Opinion
No. 76-2065.
September 28, 1977.
Yale Bernstein, Bashman, Bernstein Wolf, Philadelphia, Pa., for plaintiff.
Ross Van Denbergh, Saul, Ewing, Remick Saul, Philadelphia, Pa., for defendants.
MEMORANDUM
Plaintiff, Herbert Rhodes, a citizen of New Jersey, brought this diversity action seeking judgment in the amount of $30,000, the balance allegedly due on a contract pursuant to which he sold his stock in a security guard business to the defendant, Superior Investigative Service, Inc. ("SIS"), a closely held Pennsylvania corporation with its principal place of business in Pennsylvania. Defendants, Albert and Evelyn Schwartz, citizens of Pennsylvania, were joined on the ground that they had guaranteed payment of the $30,000. The defendants claim that since the plaintiff has breached the contract by engaging in a competing security guard business, contrary to a covenant not to compete, they are not obligated to pay the $30,000. The case was tried before the Court, sitting without a jury, and for the reasons hereinafter set forth the Court will enter judgment for the defendants.
Plaintiff was a minority shareholder, president, and later chairman of the board of SIS from its incorporation in 1969. On May 13, 1974, he terminated his employment with SIS by entering into a written agreement wherein SIS agreed to pay him the sum of $80,000 for his stock.
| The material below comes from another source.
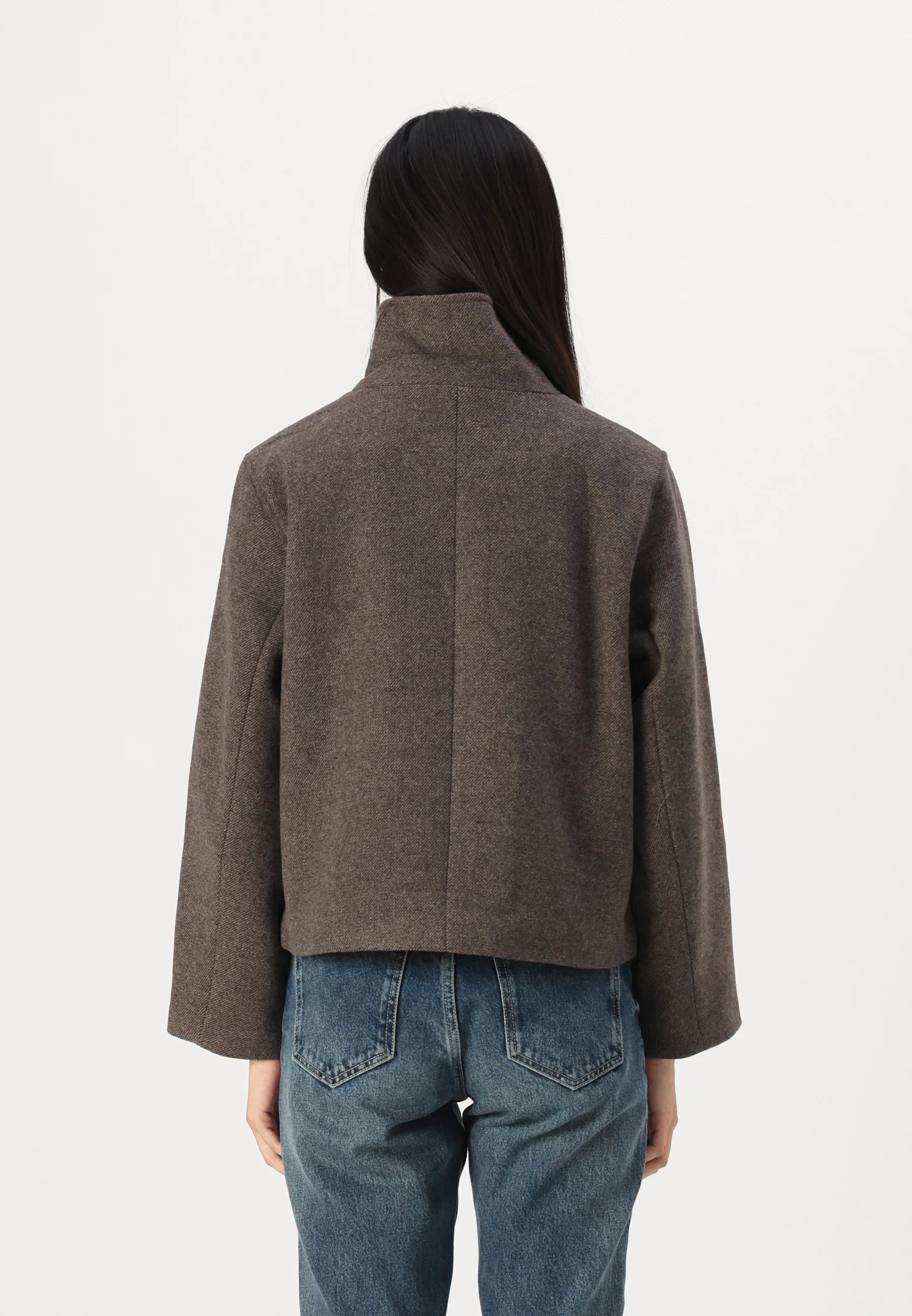 Alyssa Luxe Short Trench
He was paid $50,000 on that date and SIS agreed to pay him the balance of $30,000 two years later. The contract contained the following covenant:
6. Covenant by Seller not to Solicit Buyer's Customers. Seller covenants and agrees that for a period of two (2) years from the date of this Agreement, he will not, within . . . a radius of fifty (50) miles . . . of City Hall, Philadelphia, Pennsylvania; directly or indirectly as a corporation or as an individual, nor will any business entity or corporation of which he is an owner, shareholder, officer, employee, representative, or otherwise, either directly or indirectly, own manage, operate, control or participate in the ownership, management, operation of or control of or be connected in any manner with or assist others in the security guard business.
The contract further provided:
This provision in no way shall limit Seller's right to serve as internal security director for any company, provided such Company does not provide security services for any Company, firm, or business other than itself or its subsidiaries; nor as a private detective performing investigations.
The contract also provided:
7. Right of Set-Off and Injunction. Should Seller violate any of the provisions of this Agreement . . . then Buyer shall have the right to set-off the sums due to Seller hereunder.
The contract was accompanied by a document entitled "GUARANTY" wherein defendants, Albert and Evelyn Schwartz, jointly and severally guaranteed the $30,000 payment.
Plaintiff, who was his sole witness at trial, testified that after terminating his employment with SIS, he organized and became associated with Rhodes Investigative Services, Inc. ("RIS"), a Pennsylvania corporation which engaged solely in investigative work. He admitted that he was present at the time Hahn Security Service, Inc. ("HSS"), was organized as a Pennsylvania corporation, for the purpose of engaging in the security guard business. He also admitted that both corporations had their offices at 3800 Castor Avenue in Philadelphia, where they shared a common entrance, and that he had obtained the office space and the furniture used by the two corporations on a rent-free basis. Plaintiff admits that HSS engaged in the security guard business within the 50 mile radius described in the non-competition covenant of the contract.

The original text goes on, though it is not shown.